The Milk of Human Kindness


Shavuoth is a mysterious Jewish festival.  Being neither an exact anniversary nor conforming to the harvest cycle in the land of Israel, it seems to exist outside of time, an exception  to the chronological flow of the Jewish seasons.  Just as puzzling is the custom of eating dairy products on the festival.  Ascribed by many to the inhibitions of the Jewish people at Mt. Sinai, over the laws of kashruth, there are myriad reasons explaining the consumption of dairy products on this Festival, although none are entirely convincing.

Perhaps each of us  needs to build our own understanding.  For the Davis family in Melbourne, Australia, dairy products were an inseparable part of life – they were the family business.  Not only was I born on the family’s dairy farm on the outskirts of town, but my grandfather David, who had purchased the farm twenty years earlier,developed it into a thriving milt delivery business.

Succeeding him, my father dramatically expanded this business by adding yogurt.   Keren Dairies, taken from the Hebrew words for ” ray of light” became a symbol of pride for the small Jewish community of Melbourne.   It proved that Jewish immigrants, raised inthe cloistered villages of Eastern Europe, could defy prejudice and ridicule and by rising to an Australian challenge,  become successful men of the land in their own right.

My grandfather was a quiet, circumspect man who rarely spoke of his past.   But occasionally he would share a story that gave me a glimpse into his early struggles.

One of those stories I have never forgotten.

In the early 1930s he would rise before dawn to deliver milk in a horse drawn dray to customers in the inner suburbs.  He would rattle his canister filled cart from door to door, ladeling milk into pails and bottles.

On this daily journey he would often come across an obstreperous man who would grandfather while  lie in wait for him.  The man would regularly hurl a stone or shoe at my grandfather while jeering at him with antisemitic slurs.  He would sometimes go so far to place heavy objects on the road to prevent his passage.

The abuse continued intermittently four years. But one day it stopped and the man disappeared. My grandfather asked some of the man’s neighbors what had happened to him.  They explained that he had suffered a stroke and could no longer leave the house. Inquiring further he discovered that his tormentor was close to destitution and had no relatives.  From that day forward my grandfather would leave him milk everyday. He did not cease the practices until the man died.
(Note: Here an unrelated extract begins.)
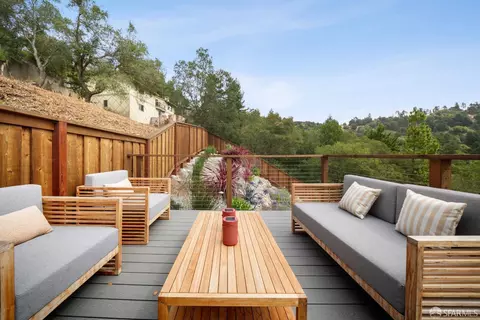 Exterior - 7001 Buckingham Blvd, Berkeley, CA 94705 photo 6 of 18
I was astonished when I first heard this story.   When I asked my grandfather why he did this, he answered simply, ” He was probably thirsty and I was carrying milk,.”

I remembered my grandfather’s actions a few years ago when I saw a photograph posted in a edition of the Ma’ariv newspaper . It showed an IDF soldier providing water to one of five handcuffed terrorists, captured on their way to executing a bombing in Israel.  Among the five members of the terrorist squad, two were carrying explosive belts.  A further 17 kilograms of TNT was found inthe trunk of their car.

Similar reports reveal the way in which the IDF provided food for the trapped terrorists and their hostages inside the besieged Church of the Nativity in 2002.  There are remarkable accounts of Israeli medics treating surviving terrorists, rushing them, often inthe same ambulances as their victims, to Israeli medical facilities in order to save their lives.

Many decades and thousands of miles separate my grandfather and the IDF soldiers.  Yet they are bound by the enduring legacy of Jewish tradition and the respect for the sanctity of life.  It is taught to us in the Book of Exodus   “when your enemy’s donkey falls down, you must help to raise him up.”

The promise of holiness, delivered to the Jewish people at the time of the giving of the Torah on the festival of Shavuoth, is embedded int his simple teaching. It defines our concept of humanity.

It is one of the supreme ironies of my life that my grandfather died on the first day of Shavuoth.  It was also fitting that his great grandson, born 27 years later, would be named Matan David, the gift of David, linking the boy to his forbear and to the climatic event of Jewish history – the giving of the Torah.

Perhaps the most enduring legacy he can absorb is that even in the face of adversity, the milk of human kindness must still be delivered.